Peterson’s brilliance was camouflaged by an amusing tendency to speak like a gridiron version of baseball’s Yogi Berra. Coach Pete always was thinking 10 minutes ahead of everybody else and, as a result, sometimes the wrong words came out, MacKenzie explained. Peterson might say “floor mat” when he meant format or describe a chronic injury as a “chronicle” injury, MacKenzie said. A Sports Illustrated writer described these rhetorical flourishes as vintage “Petersonese.”
Under Peterson’s strong hand, the Seminoles were becoming a force to reckon with. The 1964 season was seen as a pivotal one. FSU football was about to mature into a contender for the national title. Nothing would be the same again.
The Kentucky game remains a classic. Ranked No. 5 in the nation, the Wildcats were prohibitive favorites. The Seminoles, many assumed, were in for a whippin’. They were dead wrong.
Peterson’s Seminoles hosted their ranked rivals at a packed Doak Campbell stadium – 40,000 people – where many in the stands wore Kentucky blue, there to enjoy another easy victory. The only real question was the margin of Kentucky’s inevitable victory. They were partially right. Victory was in the air from the opening kickoff, but it was the Seminoles who dominated.
FSU’s defensive squad, called “The Magnificent Seven,” smothered the vaunted Kentucky offense. Quarterback Steve Tensi led the Seminole offense, rifling accurate passes downfield to a phenomenal receiver named Fred Biletnikoff. The air attack was balanced by a ground game featuring fleet halfback Phil Spooner.
“I led the way on the right sweep with Spooner right behind me,” MacKenzie recalled. “Phil would actually put his hand on my belt and guide me as he read the defense.”
FSU beat Kentucky 48-6. And that single touchdown came only after a bobbled Seminole punt return that gave the Wildcats the ball on FSU’s six-yard line. Even so, “it took Kentucky four downs to score that touchdown,” MacKenzie said. “And after the score, our ‘Magnificent Seven’ on defense cried, they were so disappointed.”
Afterward, the Seminoles were ranked 10th in the nation and were coming on like a garnet and gold freight train.
There were setbacks later in the season – a 20-11 loss to Virginia Tech and a 13-13 tie with Houston – but FSU fans forgot those disappointments after the Seminoles finally whipped the Gators.

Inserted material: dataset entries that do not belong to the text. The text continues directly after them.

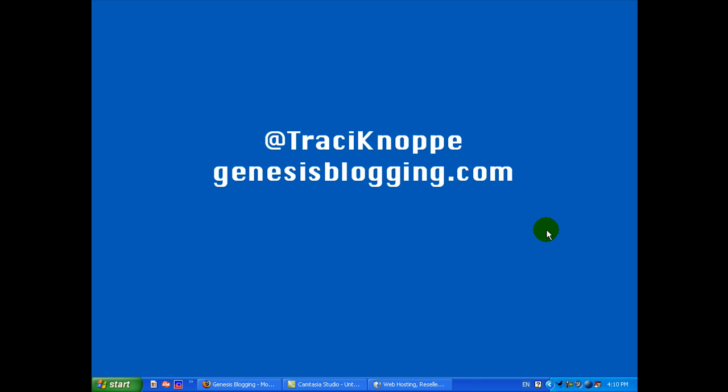Hi, Tracy here. In this video, I'm going to show you how to set up hosting with Hostgator.com. In the last video, I showed you how to register a domain name with GoDaddy. In this video, after we get our hosting set up, we're going to go back over to GoDaddy and set those domain name servers to point over to our new hosting setup at Hostgator.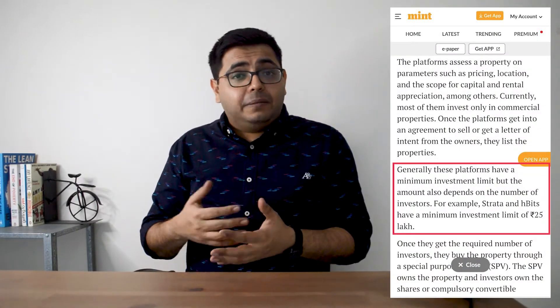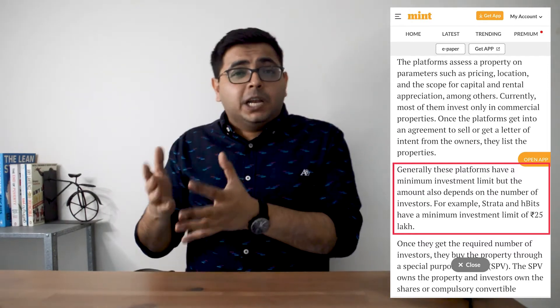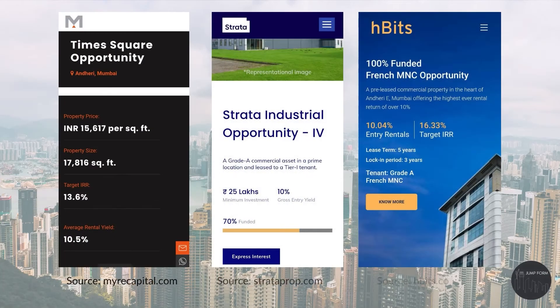In terms of ticket size, while the ticket size is being reduced, even a fraction of these properties can be expensive. A lot of these fractional ownership providers have a minimum investment size of about 25 lakh rupees. The yields will obviously differ depending on the platform and the type of asset, but generally most platforms tend to advertise yields of well above 8% per year.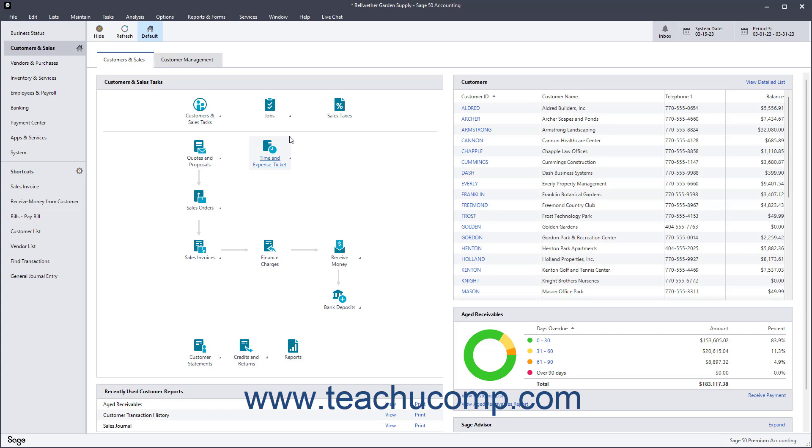When you start your own business, you are responsible for doing much more than simply generating revenue for your company. Depending upon your business type, you may also need to produce invoices and statements, record customer payments, and manage multiple types of accounts. Sage 50 lets you accomplish these tasks and more.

The Gator Bowl and a 36-19 victory over Oklahoma followed. Coach Pete’s 1964 “Bunch” had etched their names into Seminole football history.
MacKenzie and center Jack Edwards, now deceased, shared the Tomahawk Award that season for best offensive lineman.
The 1964 season marked the birth of big-time Seminole football. And Dale MacKenzie, the young man too nice to play football, the Christian boy dismissed as “Lucille” by a coach who failed to see his potential, was a key part of it.
He was one of the golden boys of fall who, in glorious memory, remains ever young.